3 min Security

Okta Cross App Access brings OAuth to agents

Insight: Agentic AI

Okta Cross App Access brings OAuth to agents

Due to the explosion of AI agents, an extension of the OAuth protocol is needed. Okta wants to respond to the unpredictable behaviour of agents with Cross App Access. The end result means organizations no longer need to constantly approve access.

We have already written extensively about the emergence of the Model Context Protocol, the “USB-C for AI.” It connects AI tools to apps in an accessible way. Meanwhile, Agent2Agent (invented by Google) has also grown significantly in popularity. Like MCP, A2A trades built-in security for user-friendliness: app-to-app and agent-to-agent communication is now relatively simple, but free of the usual authentication steps. However, instead of an overly restrictive policy, Okta wants to ensure that organizations do not have to trade security for intuitive connectivity.

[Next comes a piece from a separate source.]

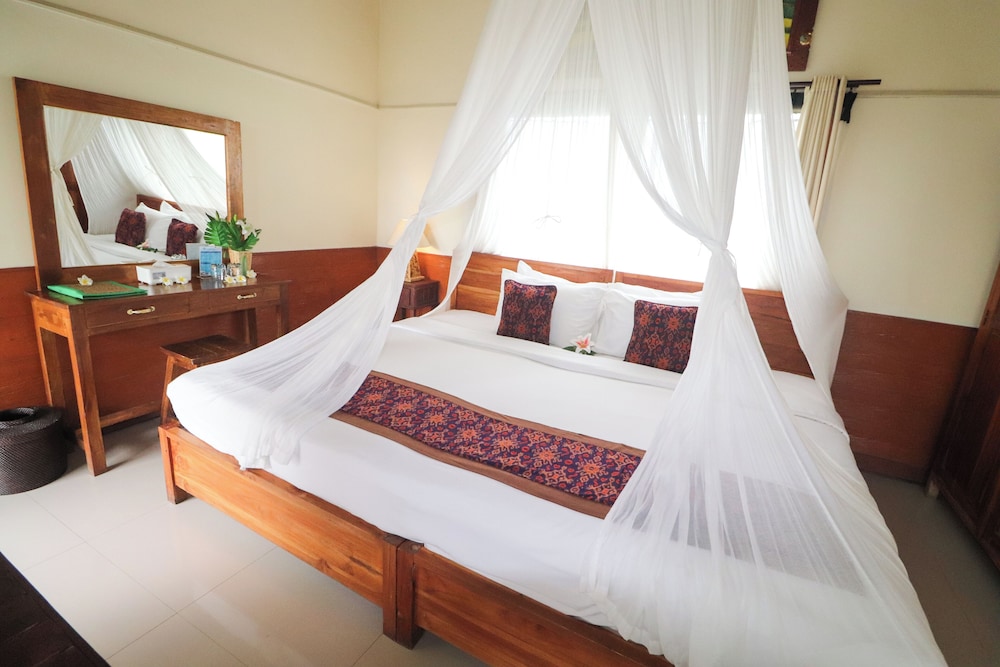 1 BEDROOM, DELUXE, VILLA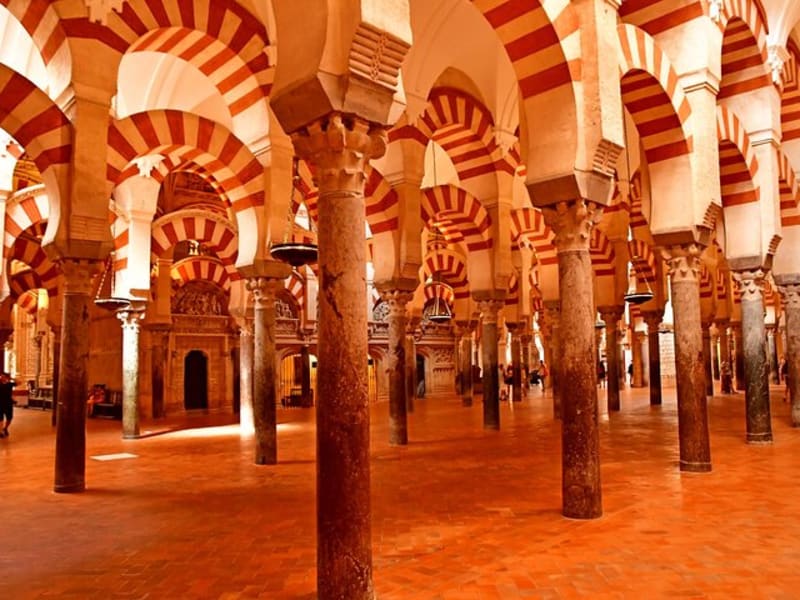 Entrance Ticket for Cordoba Mosque Cathedral with Audio Tour - main image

Cross App Access: enterprise-ready communication

OAuth has been an open standard for granting digital access for many years. Its main function is to share information without having to provide a password to a third party. Think of logging into a website via a Google account or an access token for part of someone’s online storage.

Agents behave in many ways like human users, but do not fit into the old paradigm of only human users, service accounts, and bots. After all, they behave unpredictably like humans, but like deterministic bots, they rely on programming code. Starting in the third quarter, Okta will make it possible for agents to operate within a new system. At least, some customers will be able to take advantage of this option; it is clearly still a limited, cautious rollout.

Nevertheless, it is a step towards a new type of authentication, in which agents can gain access to a particular service or resource without having to be re-approved every time. Okta’s internal communication app receives the request from an agent within Cross App Access, after which the company policy determines whether access should be granted or not. This means that organizations no longer have to rely on long-term access tokens, with all the risks that entails if they are stolen or the agent is manipulated.

MCP needs security

If we take MCP as an example of agentic AI communication, we see that identity security suddenly needs to be different. The path to a solution does not lie in modifying MCP or A2A to make it guaranteed secure; as with other popular standards, a layer on top is required for enterprise-grade use.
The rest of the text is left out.